Exercise details
Go to the line that contains "kitchen with sink, dark". Restate that line and each one after it exactly, through the end of the records, without pictures.

Material provided
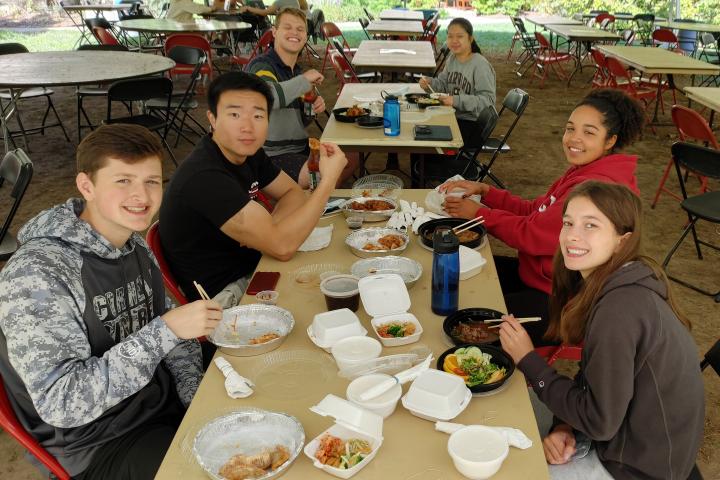 Policy debaters eat lunch outside during a tournament break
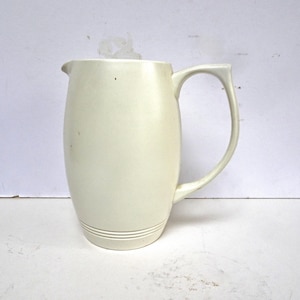以下が含まれることがあります： クリーム色のセラミックピッチャー。曲線的なハンドルと注ぎ口が付いています。ピッチャーは滑らかで丸みを帯びたボディで、底の近くには一連の水平線があります。ハンドルはシンプルで曲線的なデザインです。白い背景に配置されています。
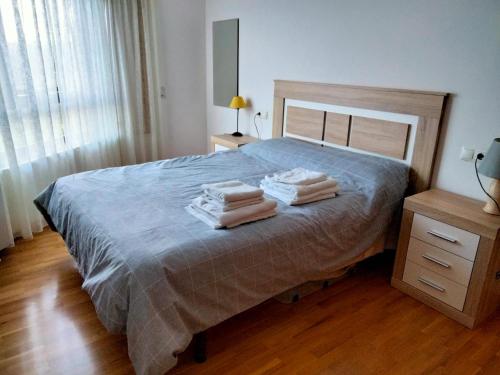 ein Schlafzimmer mit einem Bett mit drei Handtüchern darauf in der Unterkunft Piso con piscina en Sada in Sada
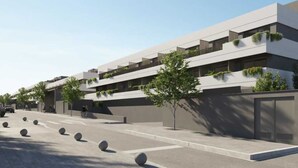 A modern multi-story building with balconies, a parking area with bollards, and a clear sky.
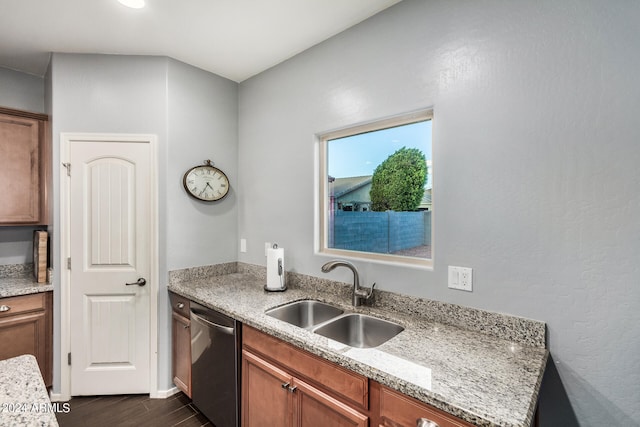 kitchen with sink, dark wood-type flooring, stainless steel dishwasher, and light stone countertops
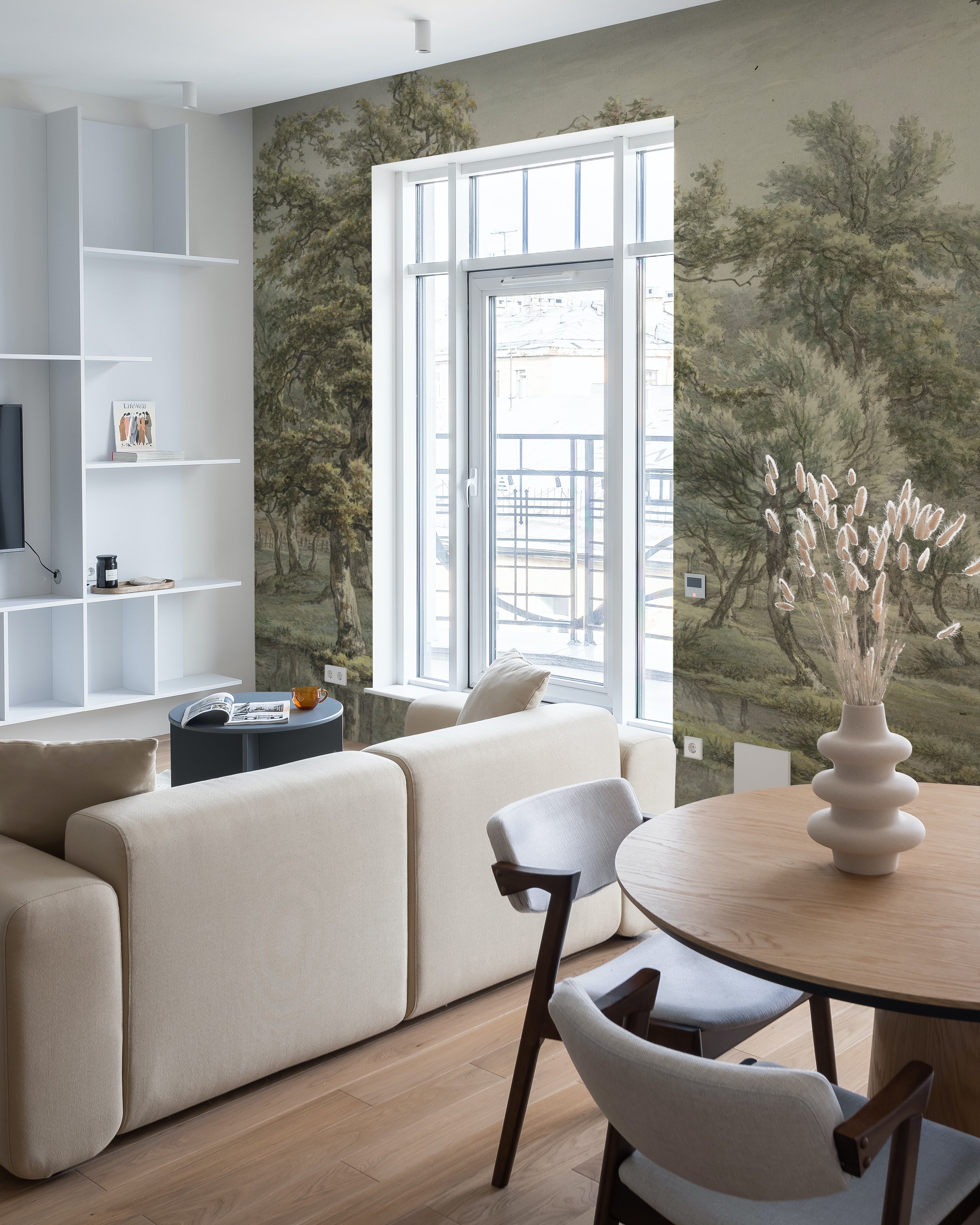 A bright and airy living room corner with a comfortable beige sofa and wooden chairs, looking out to a balcony. The wall is covered by the 'Landscape in Eext' mural, providing a stunning backdrop of vintage greenery and tranquil nature.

Problem solution
 kitchen with sink, dark wood-type flooring, stainless steel dishwasher, and light stone countertops
 A bright and airy living room corner with a comfortable beige sofa and wooden chairs, looking out to a balcony. The wall is covered by the 'Landscape in Eext' mural, providing a stunning backdrop of vintage greenery and tranquil nature.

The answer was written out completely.